About a week ago, I purchased the domain Tooshytees.com. If you couldn’t guess from the URL, I really want to make and sell Too Shy to Stop-related t-shirts.
I have been spending a lot of time thinking about what makes someone want to buy a t-shirt. Utility? Coolness factor? Novelty? The commemoration of a once-in-a-lifetime event? Price?
(Pictured at left: T-shirt, t-shirt, t-shirt, GOOSE, by Robyn Gallagher)
I buy concert t-shirts when I really like the band, but I will also buy a concert t-shirt that looks unique.
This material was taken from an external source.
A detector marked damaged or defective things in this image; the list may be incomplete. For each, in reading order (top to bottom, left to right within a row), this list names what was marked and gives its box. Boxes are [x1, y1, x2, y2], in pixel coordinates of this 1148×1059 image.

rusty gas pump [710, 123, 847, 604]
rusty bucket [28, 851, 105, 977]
Some people buy Lacoste polo shirts because the embroidered alligator is a status symbol, but others refuse to buy anything with a designer logo because they find it obnoxious.
What would motivate someone to buy a t-shirt from a relatively unknown brand (TStS) that doesn’t have a physical presence (concert, storefront, or body)? I have a few ideas:
1. The t-shirt should make a statement about the individual wearing it, even if 1,000 other people are wearing it too.
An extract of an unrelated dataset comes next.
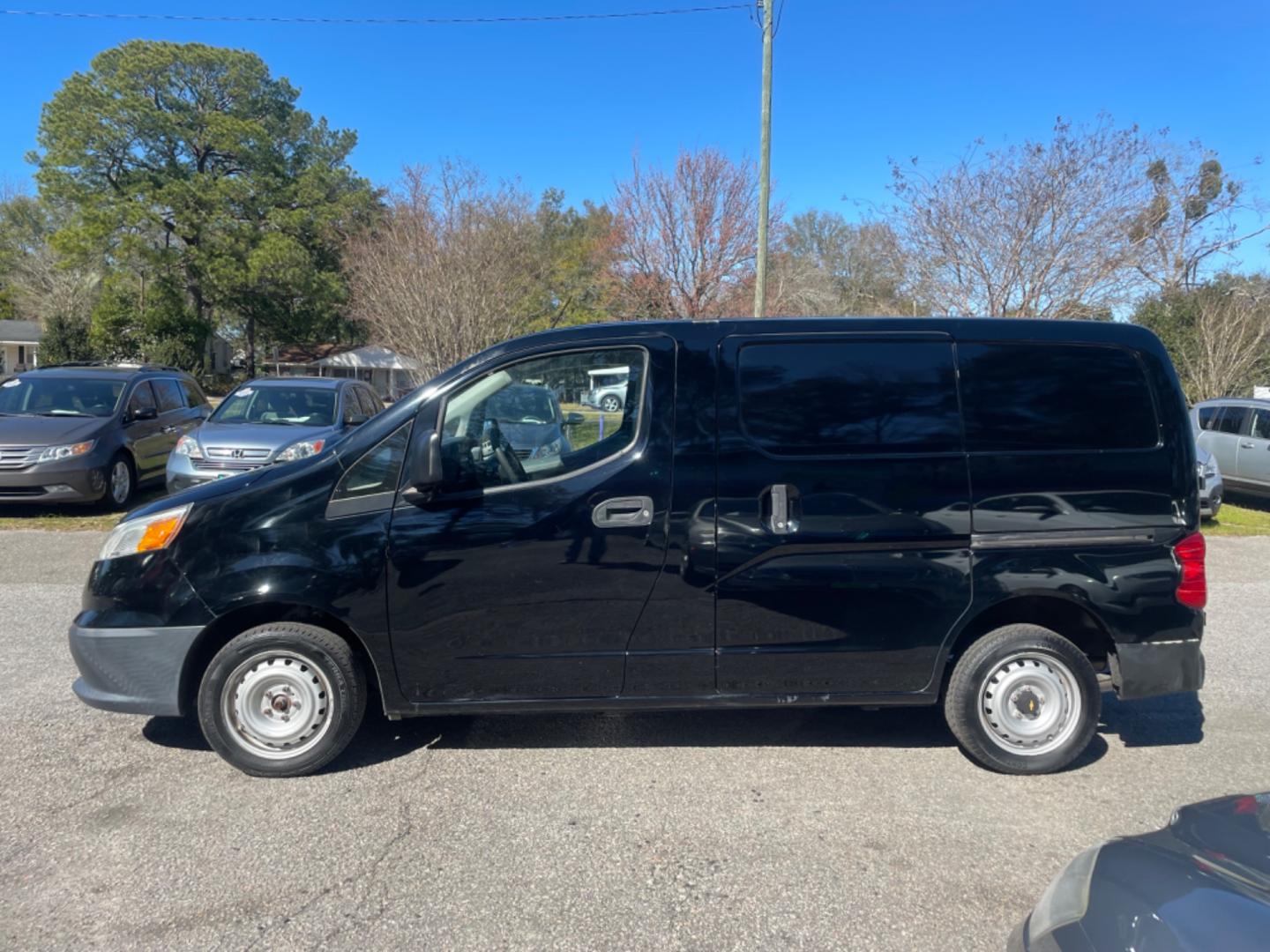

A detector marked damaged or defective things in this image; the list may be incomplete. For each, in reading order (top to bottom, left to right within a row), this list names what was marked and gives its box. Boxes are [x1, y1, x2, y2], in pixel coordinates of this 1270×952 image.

cracked pavement [2, 532, 1270, 949]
2. The t-shirt can’t make the person look like a walking advertisement, even if that person doesn’t really mind being a walking advertisement.
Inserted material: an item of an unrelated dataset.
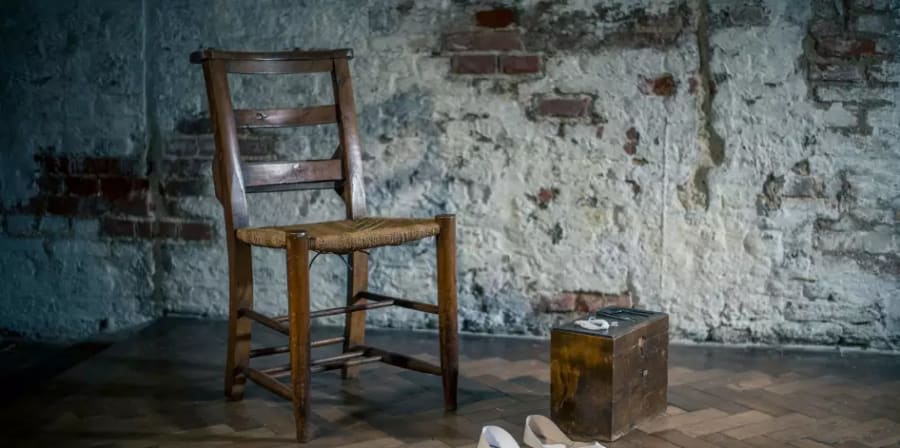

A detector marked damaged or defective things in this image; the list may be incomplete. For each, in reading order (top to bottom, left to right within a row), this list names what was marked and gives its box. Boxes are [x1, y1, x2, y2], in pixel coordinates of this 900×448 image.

cracked wall surface [0, 0, 896, 350]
3. The t-shirt allows the person to identify him or herself with a group or a “tribe”, as Seth Godin would call it.
4. The t-shirt reflects some new and trendy that doesn’t have to withstand the test of time. No one buys t-shirts as investment pieces.
5. The t-shirt should be flattering enough so that the person actually wears it during activities other than sleeping and mowing the lawn.